The first 90 days in a new role are critical. The most successful leaders take this time to learn, promote themselves, build coalitions, and mobilize their teams, says Harvard Business School professor, Michael Watkins (who spent three years researching the topic).
Since his book, The First 90 Days, leaders and onboarding specialists have stressed the importance of this timeframe as a means to maximize employees' effectiveness.
While the first 90 days is undoubtedly an important period for personal progress it has little to do with how you'll be remembered says behavioral research. In a LinkedIn article Sally Blount, Dean at Kellogg School of Management, argues that it's the last 90 days that play the biggest role in building a strong legacy.
"...behavioral research by Nobel laureate Daniel Kahneman and others shows that assessments of human performance (i.e., a leader's reputation/legacy) will be most heavily influenced by endpoints. Why? Because the information about how a tenure ends will always be more accessible in people's memories than the impressions created at the start."
Whether you're accepting a new position, receiving a promotion, or retiring, it's important that you leave on a good note. Here are a couple vital lessons I've learned after witnessing a few transitions.
Address the obvious question to keep employees engaged.

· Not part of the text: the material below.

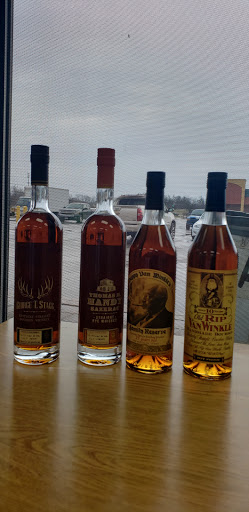 Liquor Store «Beaver Valley Wine & Spirits», reviews and photos, 3325 Seajay Dr, Beavercreek, OH 45430, USA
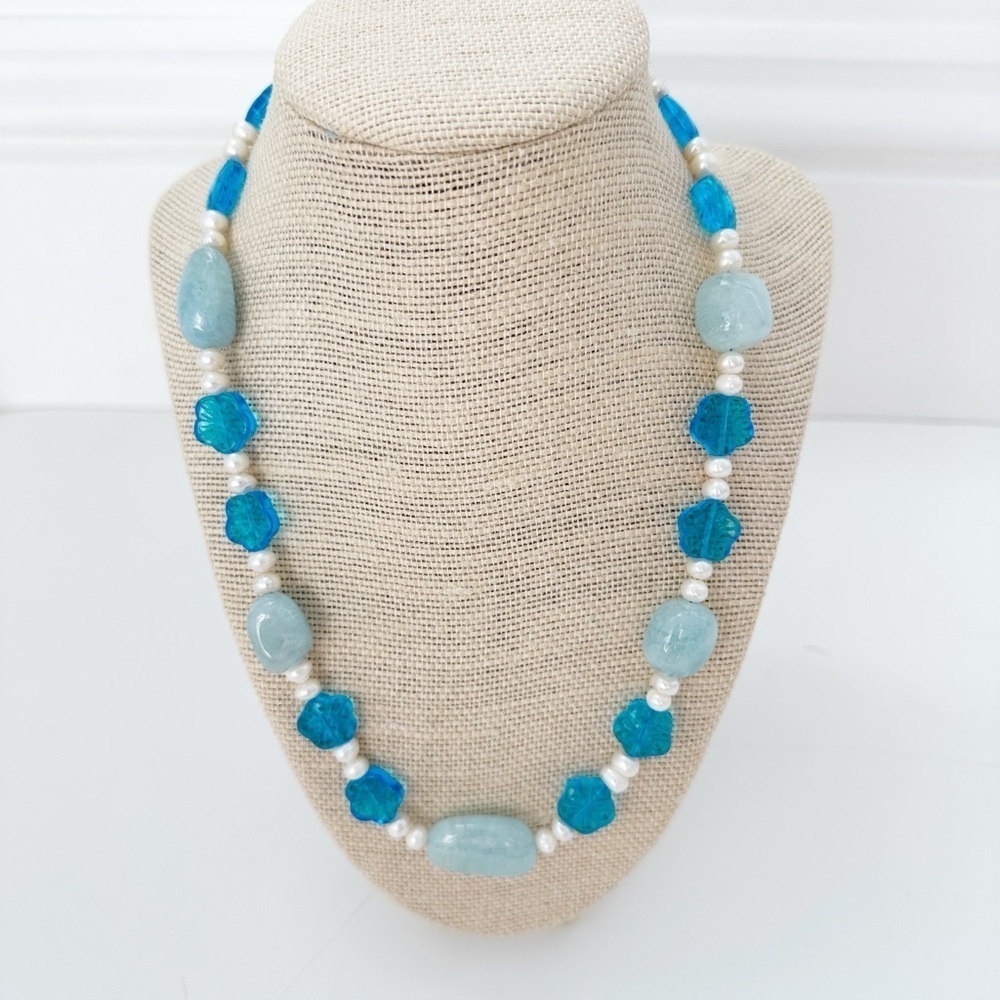 NWT Genuine Aquamarine Barrels, Crystals & Pearls Necklace Blue White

When I first learned that my manager was leaving, I was a little panicked. Not only did they drive all of my work, but they also represented an entire function. I'm not going to lie, I was nervous. Without their presence and direction, a lot of things were going to change -- and one of those changes could have been my job.
When a leader leaves, the rest of the team can feel like a ship without a captain. After the initial shock where's off and people come to terms with the news, the very next thought on everyone's mind is "what's going to happen to me?"
After announcing your transition, make sure you connect with employees and provide what assurance you can. The last thing you want to do is incite panic and for employees to lose productivity worrying about the unknown.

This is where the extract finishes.